RECORDS SHOWN:
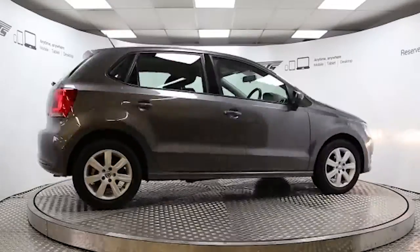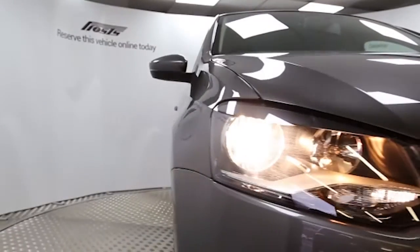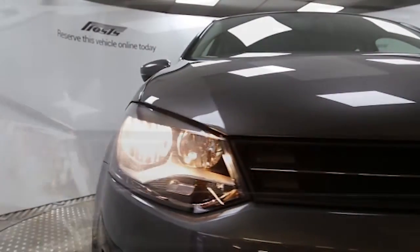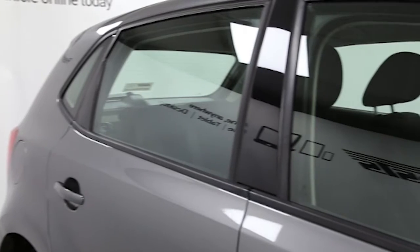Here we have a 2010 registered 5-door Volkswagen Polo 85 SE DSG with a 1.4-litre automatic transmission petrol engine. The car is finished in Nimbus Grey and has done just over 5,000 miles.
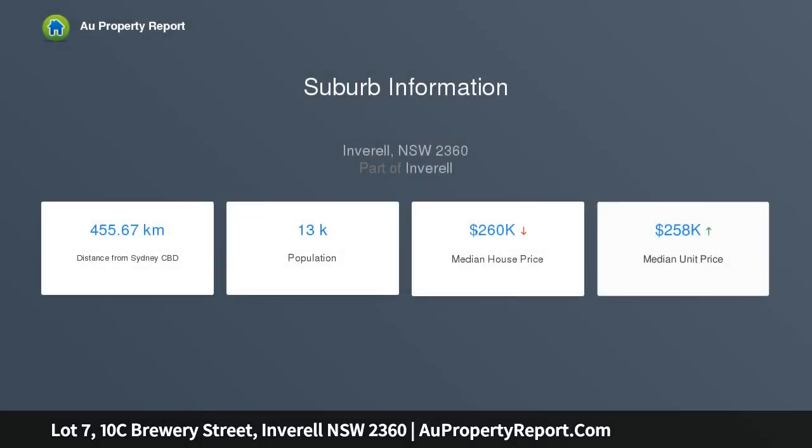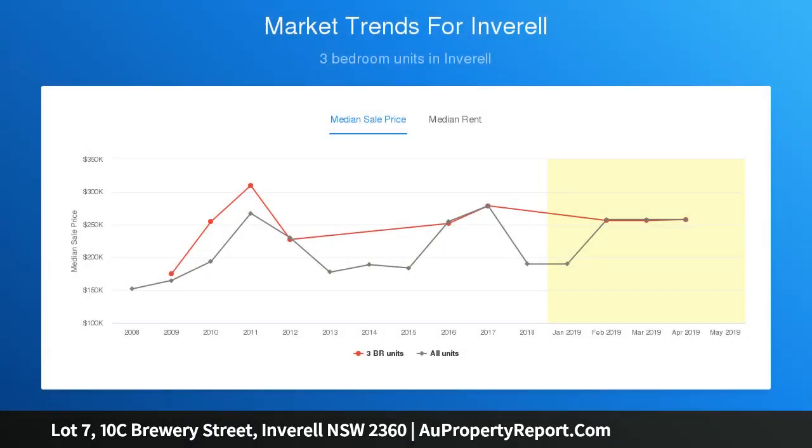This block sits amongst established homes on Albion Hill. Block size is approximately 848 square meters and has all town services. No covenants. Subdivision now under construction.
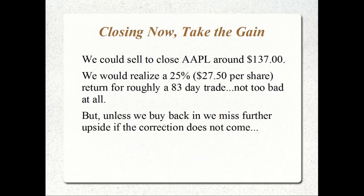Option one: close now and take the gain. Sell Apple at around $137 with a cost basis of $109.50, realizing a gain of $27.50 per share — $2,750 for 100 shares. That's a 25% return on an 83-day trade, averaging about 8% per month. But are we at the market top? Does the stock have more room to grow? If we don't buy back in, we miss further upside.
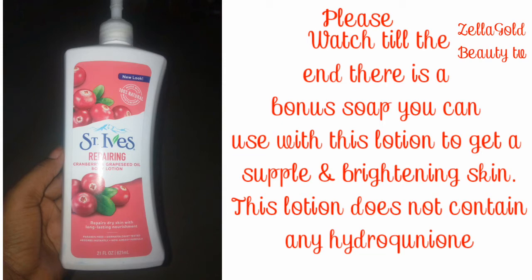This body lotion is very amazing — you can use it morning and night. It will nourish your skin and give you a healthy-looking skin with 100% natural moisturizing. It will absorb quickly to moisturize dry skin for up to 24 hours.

--

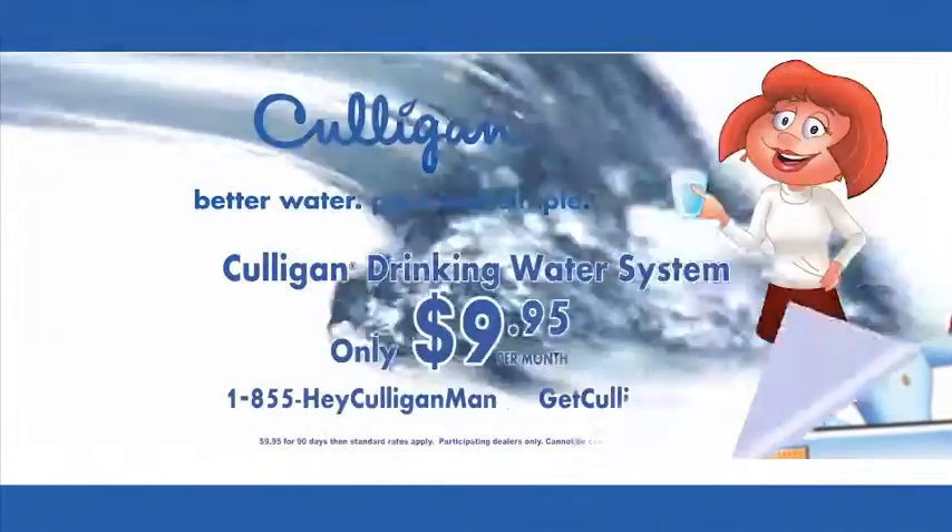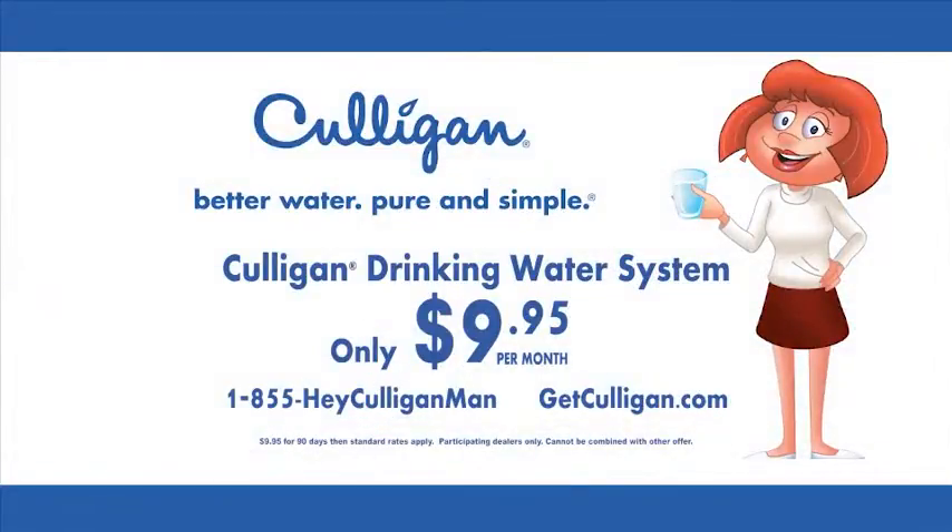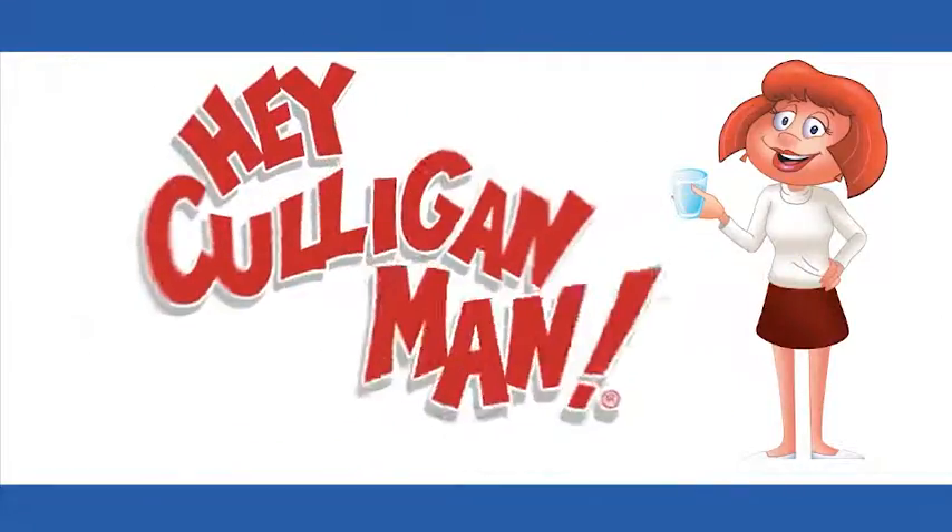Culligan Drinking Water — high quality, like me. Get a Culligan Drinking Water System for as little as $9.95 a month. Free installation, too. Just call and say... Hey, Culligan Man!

...

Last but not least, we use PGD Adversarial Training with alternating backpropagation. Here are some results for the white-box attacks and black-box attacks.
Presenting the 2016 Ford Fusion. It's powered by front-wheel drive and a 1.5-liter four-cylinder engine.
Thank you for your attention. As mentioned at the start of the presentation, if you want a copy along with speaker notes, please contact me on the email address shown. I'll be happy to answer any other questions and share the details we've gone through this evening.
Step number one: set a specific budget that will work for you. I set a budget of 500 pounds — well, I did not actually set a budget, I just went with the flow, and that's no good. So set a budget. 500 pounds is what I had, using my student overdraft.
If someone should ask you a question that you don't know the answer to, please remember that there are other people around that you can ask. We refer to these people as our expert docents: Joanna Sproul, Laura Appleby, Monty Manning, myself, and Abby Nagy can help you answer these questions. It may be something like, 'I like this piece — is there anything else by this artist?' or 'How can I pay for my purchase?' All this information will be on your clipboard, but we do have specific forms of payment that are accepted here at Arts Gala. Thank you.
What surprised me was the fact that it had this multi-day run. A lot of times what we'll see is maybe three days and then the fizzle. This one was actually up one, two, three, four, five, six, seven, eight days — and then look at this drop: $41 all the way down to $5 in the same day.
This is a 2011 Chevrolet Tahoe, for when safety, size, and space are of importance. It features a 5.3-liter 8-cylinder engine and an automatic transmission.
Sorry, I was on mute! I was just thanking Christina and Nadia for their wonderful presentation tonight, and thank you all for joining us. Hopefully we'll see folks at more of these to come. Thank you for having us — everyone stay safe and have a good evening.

PROBLEM: Across the material, count every line that holds "presentation" and state only how many there are.

PROBLEM SOLUTION: 2